| Provided entries |
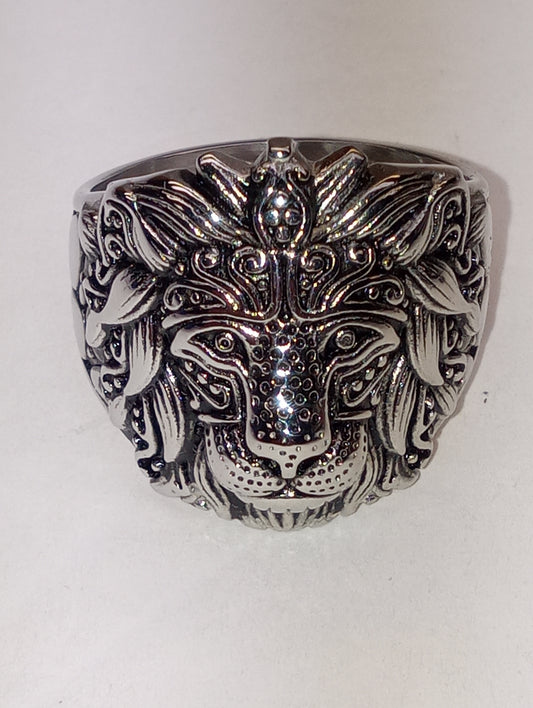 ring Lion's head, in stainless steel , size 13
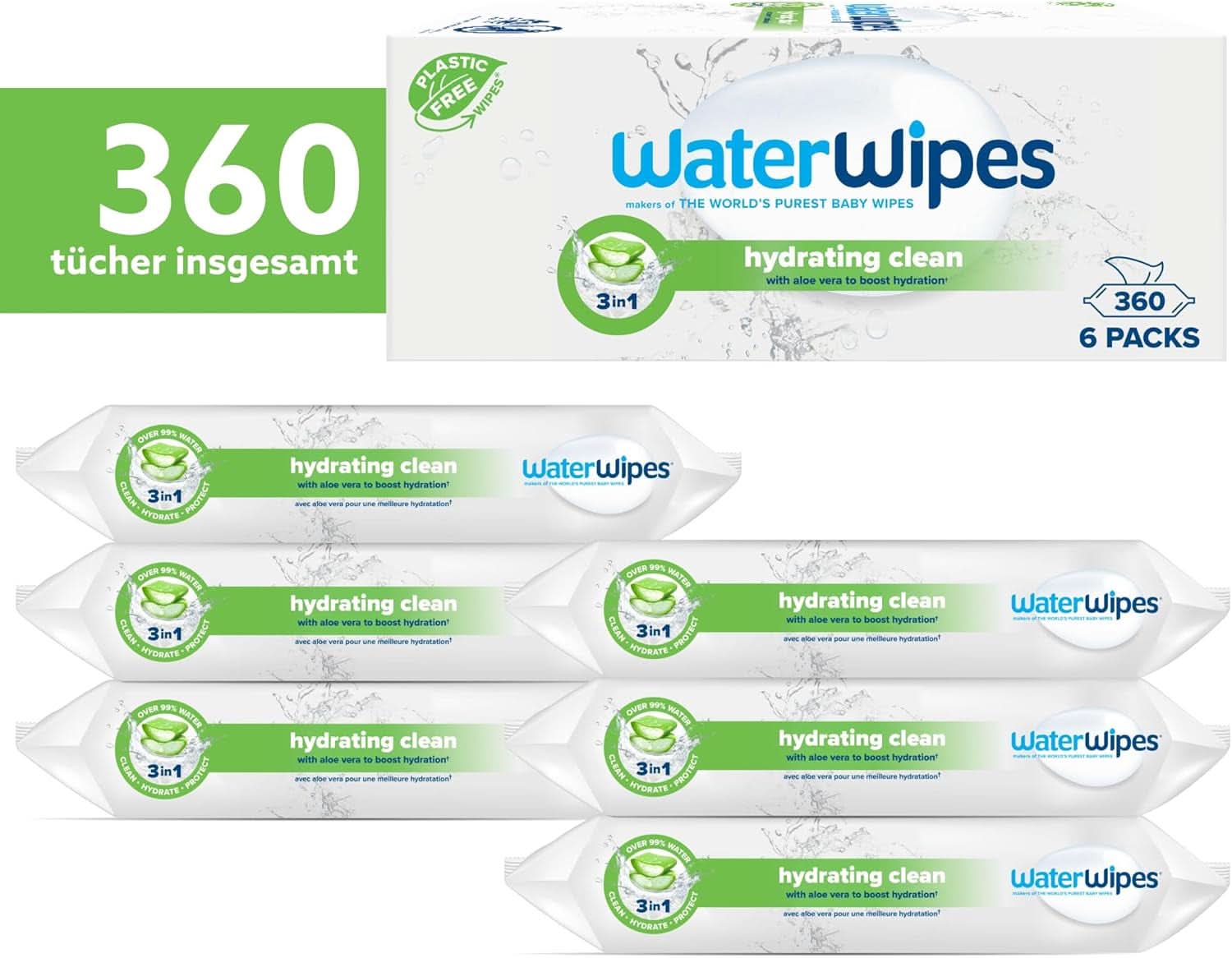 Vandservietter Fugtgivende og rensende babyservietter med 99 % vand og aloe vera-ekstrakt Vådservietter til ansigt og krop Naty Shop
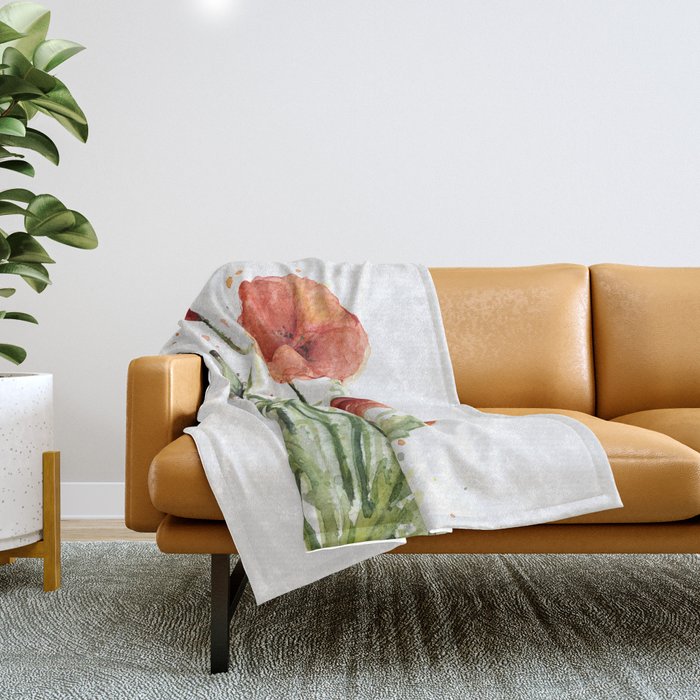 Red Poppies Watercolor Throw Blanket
...
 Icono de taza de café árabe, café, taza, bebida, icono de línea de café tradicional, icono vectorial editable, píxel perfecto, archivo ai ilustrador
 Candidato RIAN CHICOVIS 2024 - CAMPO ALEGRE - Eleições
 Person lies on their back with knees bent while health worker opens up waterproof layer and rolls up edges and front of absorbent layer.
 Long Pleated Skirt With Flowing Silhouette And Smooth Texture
...
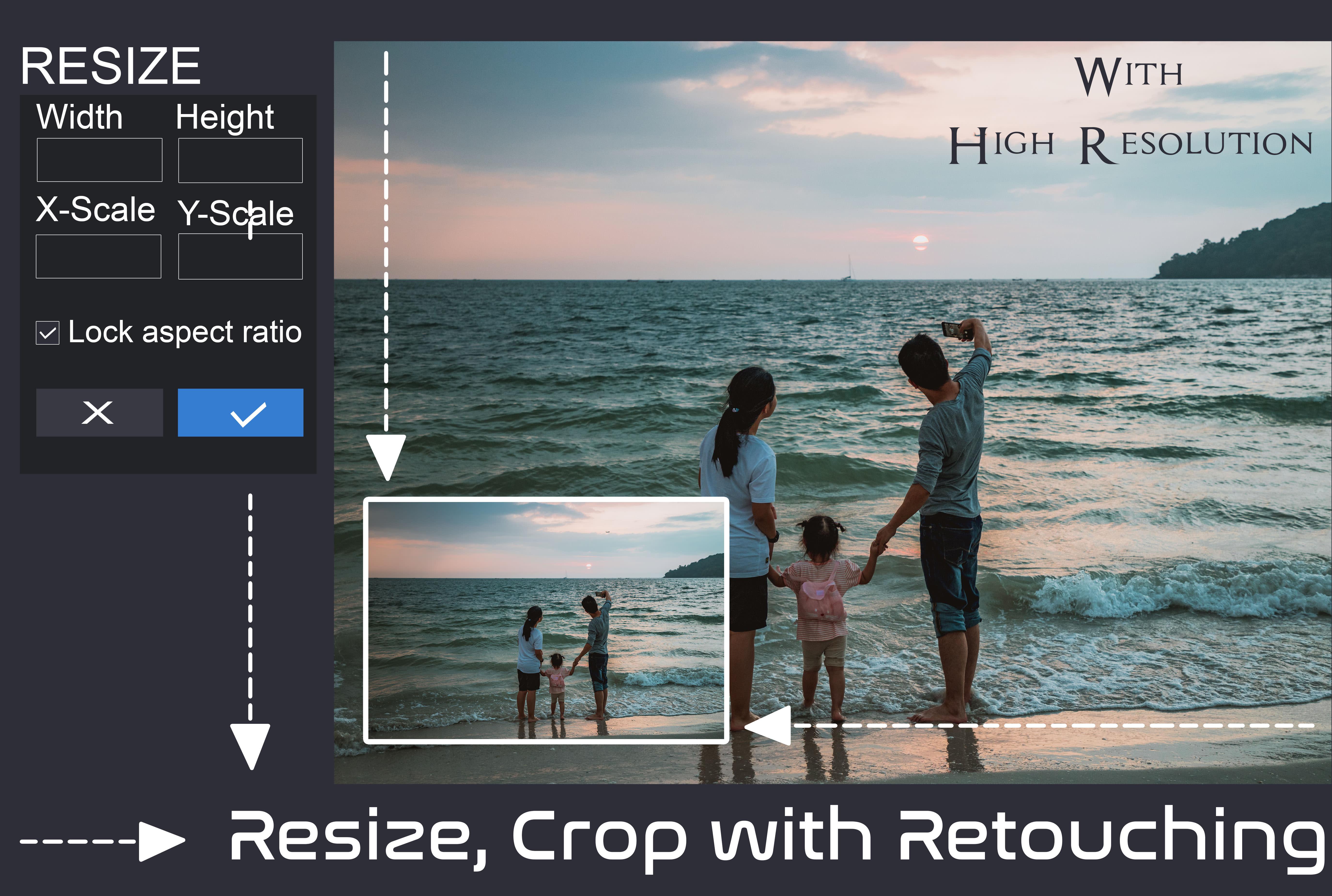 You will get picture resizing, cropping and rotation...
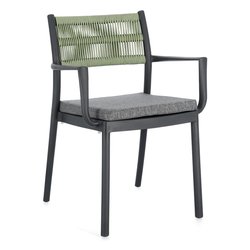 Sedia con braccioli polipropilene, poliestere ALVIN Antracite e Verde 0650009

| What this task involves |
Would you output the lines above from the line holding "ring Lion's head, in" up to and including the line holding "Red Poppies Watercolor Throw Blanket", exactly and only those, with no pictures?

| Result of this task |
 ring Lion's head, in stainless steel , size 13
 Vandservietter Fugtgivende og rensende babyservietter med 99 % vand og aloe vera-ekstrakt Vådservietter til ansigt og krop Naty Shop
 Red Poppies Watercolor Throw Blanket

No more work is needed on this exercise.